Yemeni president blames clashes in capital on opposition fighters and says he is ready to sign a GCC-brokered exit deal.

    Yemeni president Ali Abdullah Saleh says that he will not be dragged into a civil war, despite clashes between government forces and fighters loyal to the leader of a powerful tribal group who has sided with protesters  seeking to oust him from power.

    "What happened was a provocative act to drag us into civil war, but it is limited to the Ahmar sons," Saleh told reporters on Wednesday, referring to Sadiq al-Ahmar, the head of the Hashed tribal federation.

    "They bear responsibility for shedding the blood of innocent civilians. Until this second, they are attacking the interior ministry. But we don't want to widen the confrontation."

    Saleh said his country would not be a failed state, or a safe haven for Al Qaeda, and that he continued to coordinate with the US government in fighting against the group.

    "Yemen, I hope, will not be a failed state or another Somalia. The people are still keen for a peaceful transition of power," he told the Reuters news agency.

    He also said he was ready to sign a GCC-brokered transition out of power, and that once he left power he would stay in the country as part of the opposition.

    Saleh had been expected to sign the deal, already signed by both opposition leaders and members of the ruling party, on Sunday, but backed down - the third time he had done so.

    But Abdul Latif al-Zayani, the GCC's secretary-general, said on Wednesday he was willing to return to Sanaa, with the apparent hope that Saleh would sign the papers as soon as possible.

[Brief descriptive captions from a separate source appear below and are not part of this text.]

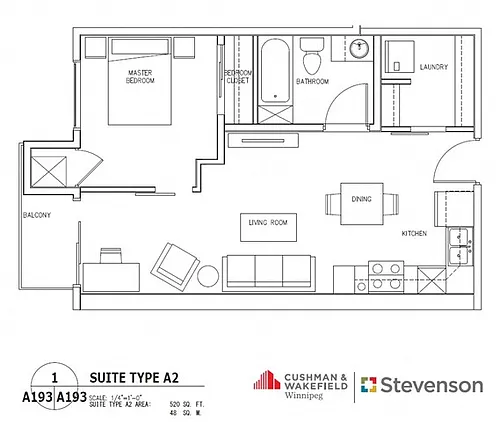 Floor plan BER427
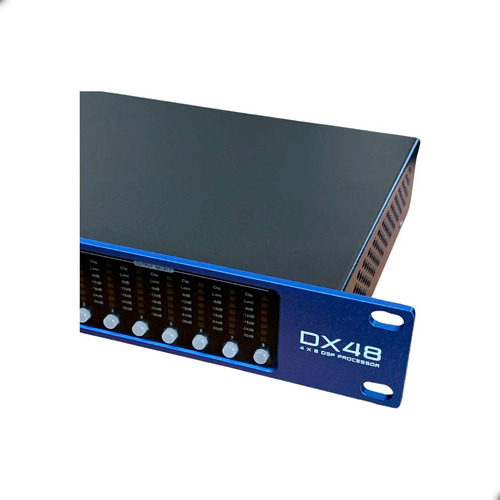 Processador De Áudio Dbr Dx48 4 In 8 Out C/ Software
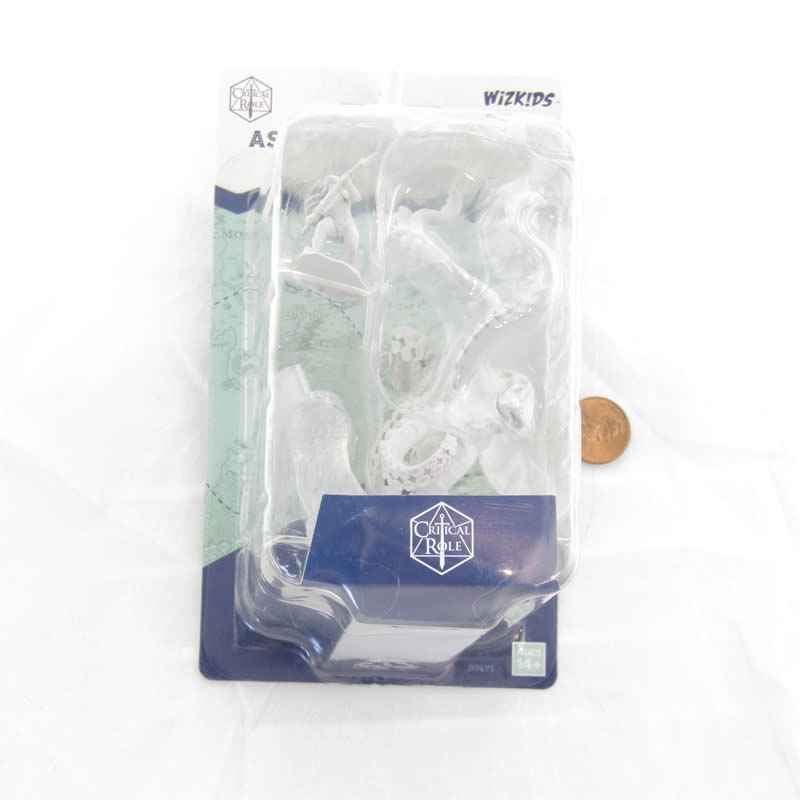WZK90477 Ashari Waverider and Octopus Unpainted Miniatures Critical Role Series Figures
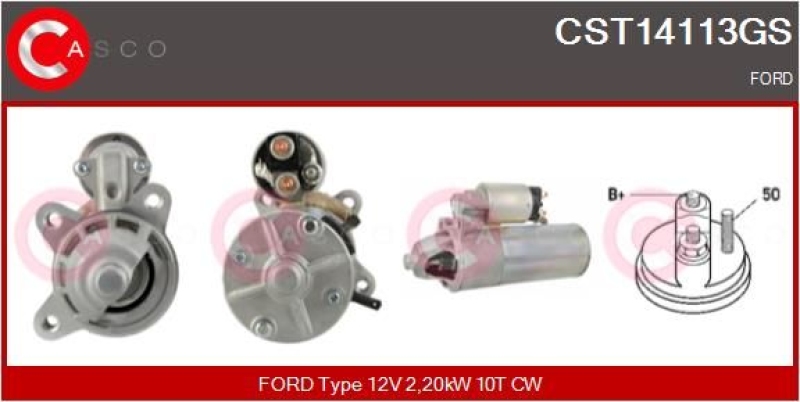 CASCO Starter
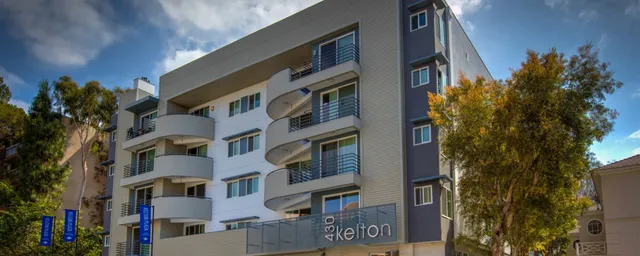 Kelton Plaza exterior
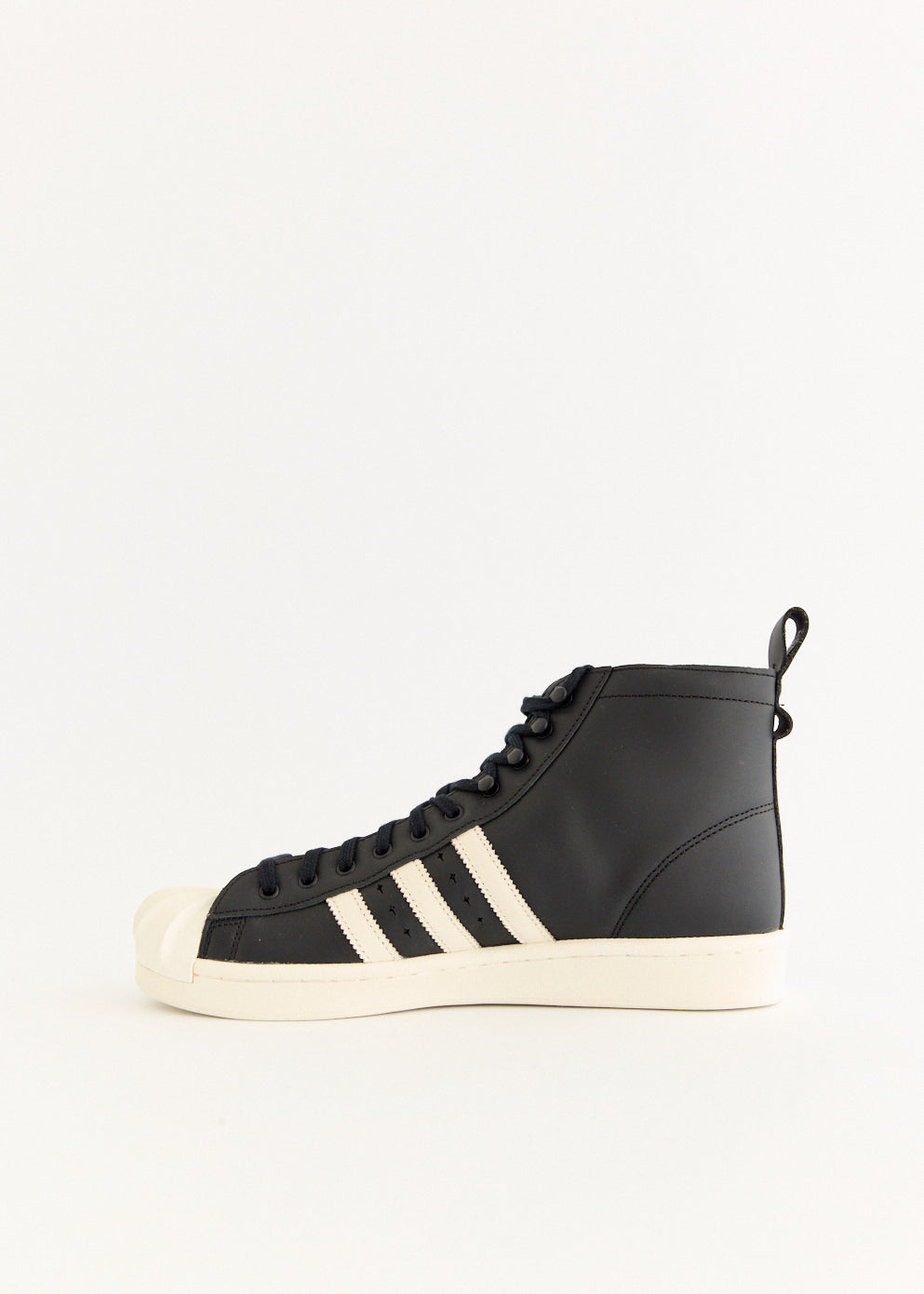 adidas gazelle silver green womens x Thug Club Superstar Boot Luxe 'Core Black' Sneakers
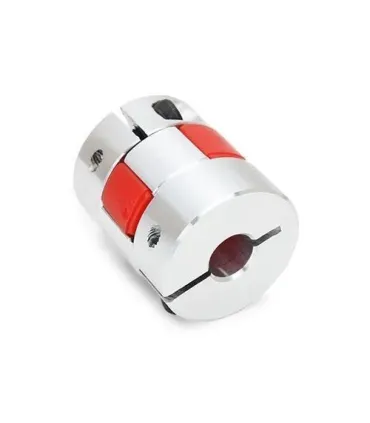 Acople Tipo Araña Aluminio 6.35mmx8mm D30 L40 - Merkatronix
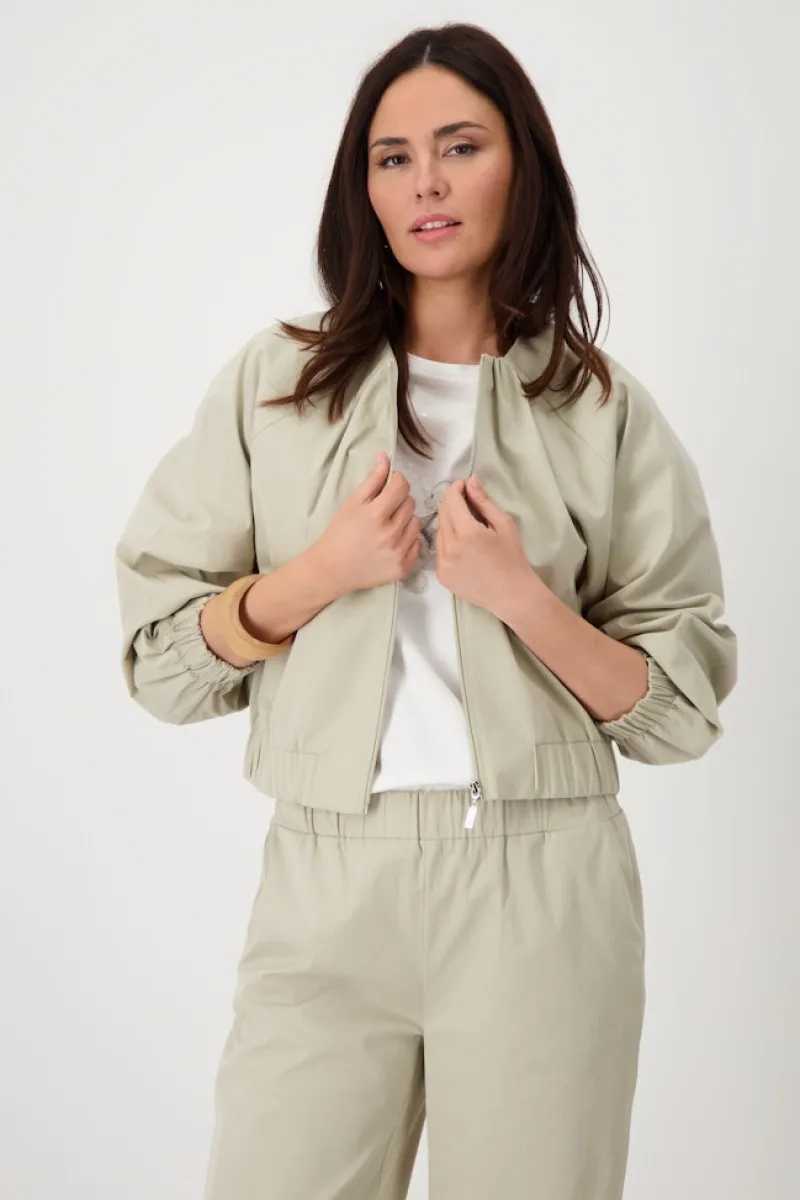 Monari Jacken*409792 bamboo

    The GCC proposal, which requires Saleh to step down from office within 30 days in return for immunity from prosecution, is backed by western powers.

    William Hague, Britain's foreign secretary, on Wednesday called for Saleh to sign the deal "as soon as possible".

    "It's not really a question of taking orders from foreign powers, it is in the interest of his own country and his own interest now, for there to be a transition of power in the deal that has been mediated."

    Fighting in Sanaa, Yemen's capital, resumed on Wednesday after an overnight pause.

    Hakim al-Masmari, editor in chief of the Yemen Post, told Al Jazeera that at least 17 people had been injured on Wednesday.

    He said opposition forces had seized control of a number of ministries, including the interior ministry.

    Witnesses said on Wednesday that tribesmen loyal to al-Ahmar had also taken control of the offices of Saba, the state-owned news agency, and Yemenia, the national airline.